Trying to make a character work in a book can be hard. I've found myself throwing out entire days worth of writing in the past because I'd written something with a character or charaters I didn't have a full grasp on. You know, that whole "what is their goal?" thing.

What I find helps me the most is casting my cast. In my head, that is. Generally this is easy, because I watch way too much entertainment and find it easy to put an actor in the part in my head. I can hear their voice, see their mannerisms—all stuff I actually try to leave out of the book because I'd rather the reader fill in a lot of it.

(My goal is to someday eliminate all the "gazing" and "smirks" and other things from dialog attribution... I'd rather the words the characters say tell you what their face looks like. But it's hard, because I also have an inner-Spielberg that wants to make sure the characters do EXACTLY WHAT I SAY.  

Stupid characters.

Anyway.)

Which brings me to the leads in BETA TEST. Because the two main characters are not Hollywood household names. They're my friends.

The main character of my book, Sam Terra, got his start in my head because I was picturing my friend Dan. He is a big guy in every sense of the word and not exactly who you picture as the leading man who'll save the day in a big action-adventure (and I'd apologize to Dan for saying that, but he would probably be the first to point it out while at the same time calling me by his favorite nickname for me, "Professor Grandpa," so he can suck it.) That's what I wanted—I wanted to cast against type. At the same time, Sam doesn't have Dan's personality at all. Sam is pretty quiet and reserved. Dan is pretty much the opposite.

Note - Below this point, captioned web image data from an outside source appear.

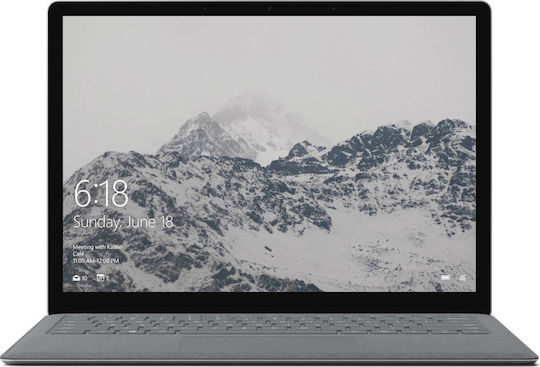 Microsoft Surface Laptop 13.5" Touchscreen (Kern i5-7200U/4GB/128GB SSD + 128GB SSD/W10 S) (US Tastatur)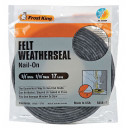 Frost King Felt Weatherstrip - 5/8" X 3/16" X 17'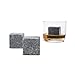 Original Whisky Stones MAX By Teroforma – Handcrafted Natural Large Soapstone Beverage Chilling Cubes (Set of 2)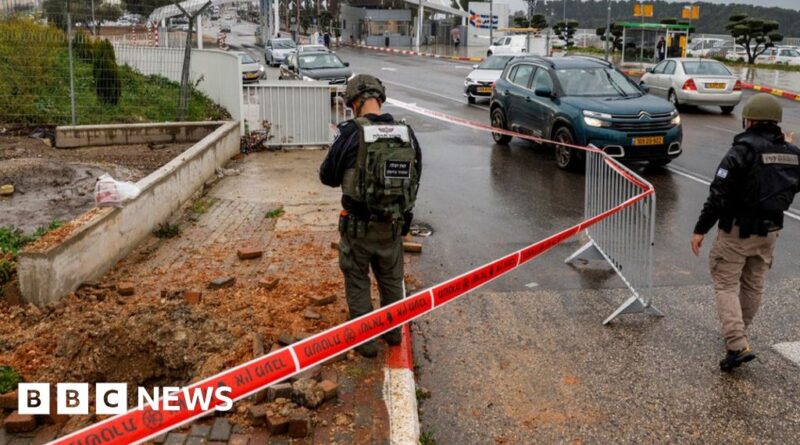 Israel launches 'extensive' strikes in Lebanon after rockets hit army base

I wanted the femme fatale of this book to also not be the usual willy type with perfect boobs and legs up to her neck and perfect in every way for a Maxim shoot. That's now who Sam would fall in love. Instead, he likes Molly, an extremely short chick with blue hair. And I based Molly on Polly, another good friend of mine who might also be my distant cousin, and who happens to be married to Dan.

(I hate to tell Dan but when BETA TEST the movie gets made, I expect the lead role will go to Jorge Garcia from LOST and ALCATRAZ. Sorry, dude.)

You get extra points when you read this book and can tell me what characters I based on Jack Black, a young Steve Buscemi, and Marisa Tomei.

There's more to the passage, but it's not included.